- [What is expected]
Here the job is to print only the lines from the one containing "Outdoor vaření Lifeventure" to the end of the entries, both included, exactly as they stand, with pictures excluded.

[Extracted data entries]

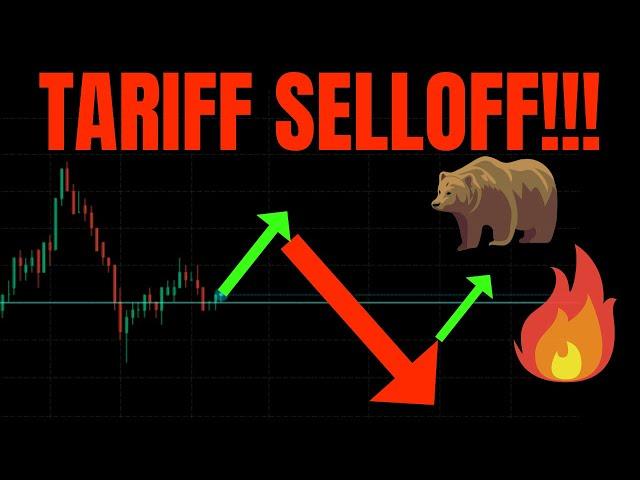  TARIFF SELLOFF! TSLA, SPY, NVDA, QQQ, ES, NQ, BTC, META, AMZN, COIN MSFT & GOOG PREDICTIONS!  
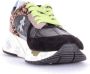 Premiata Mased Sneakers Vintage Silhouet met Levendige Details Multicolor Dames - Thumbnail 7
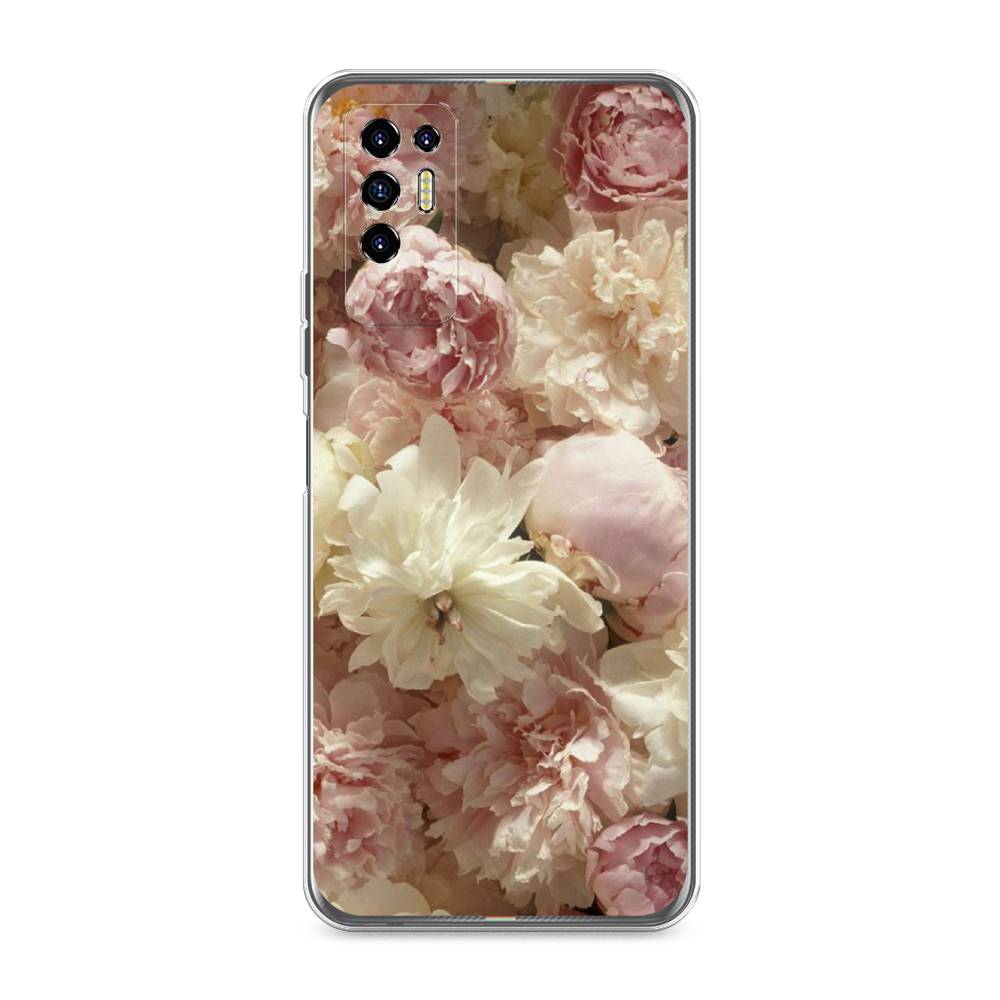 

Чехол Awog на Tecno Pova 2 "Пионы светлые", Разноцветный, 300550-8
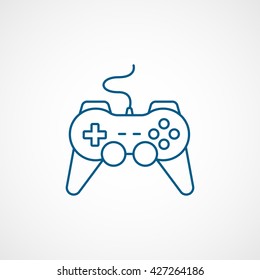 Joystick Blue Icon On White Background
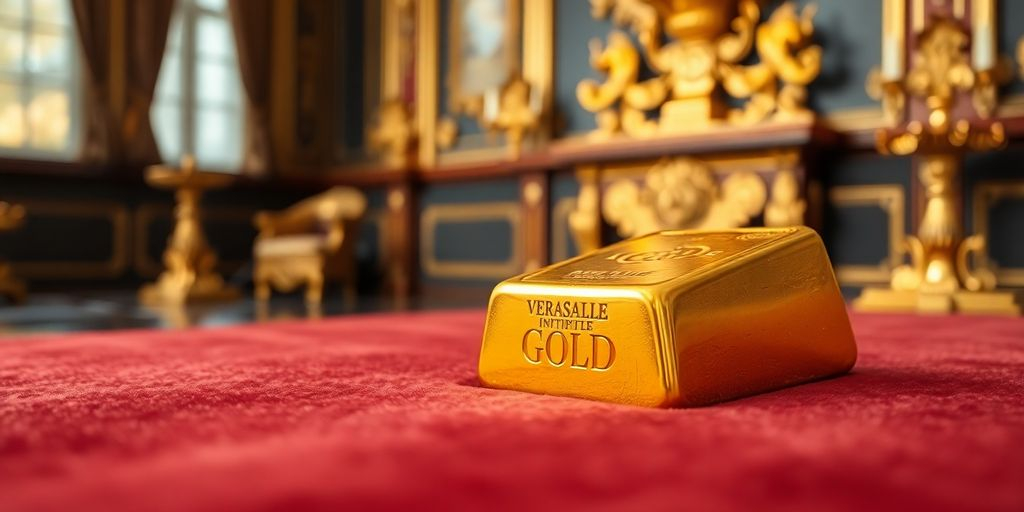 Lingot d'or sur un fond de velours luxueux.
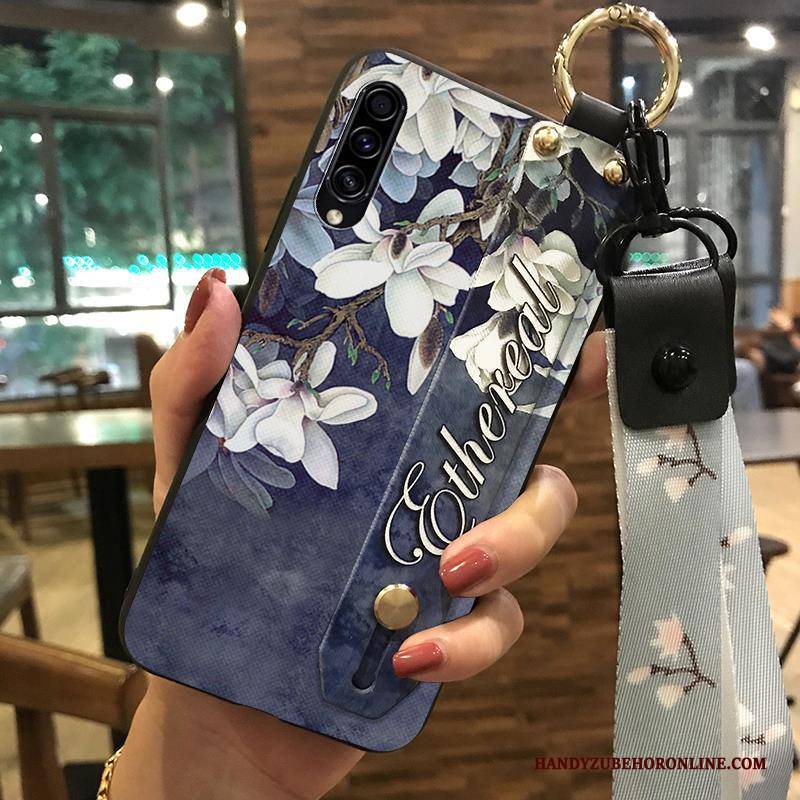 Hülle Samsung Galaxy A30s Schutz Mini Frisch, Case Samsung Galaxy A30s Weiche Weiß Hängende Verzierungen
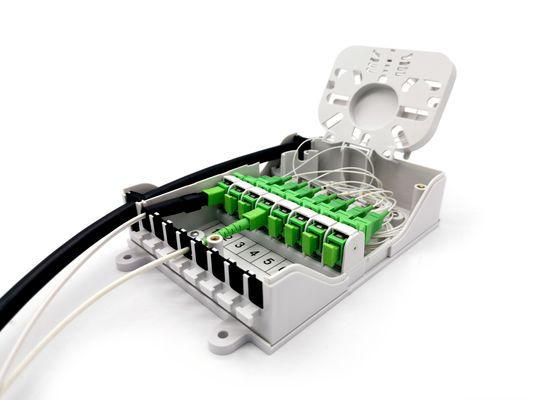 खरीदें 8 पोर्ट एससी फाइबर ऑप्टिक वितरण बॉक्स FTTH GPON CATV में डिजाइन के माध्यम से जाते हैं ऑनलाइन निर्माण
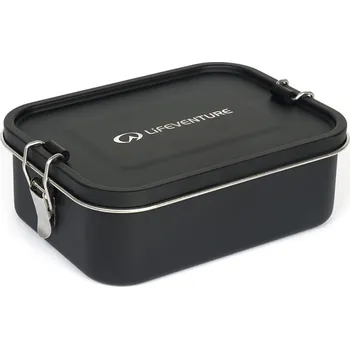 Outdoor vaření Lifeventure Stainless Steel Lunch Box 1,2l Barva: Black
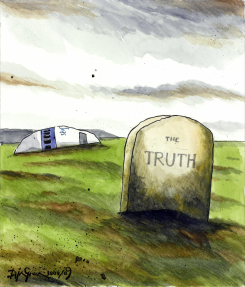 THE TERROR OF THE TRUTH by Iain Green
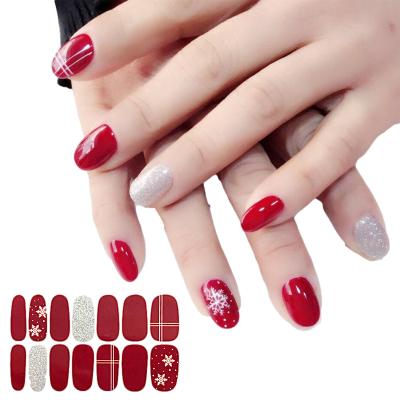 China Easy Apply Wraps Wholesale Custom Nail Art Decoration Nail Polish Sticker Real Gel Nail Sticker for sale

- [Result of the task]
 Outdoor vaření Lifeventure Stainless Steel Lunch Box 1,2l Barva: Black
 THE TERROR OF THE TRUTH by Iain Green
 China Easy Apply Wraps Wholesale Custom Nail Art Decoration Nail Polish Sticker Real Gel Nail Sticker for sale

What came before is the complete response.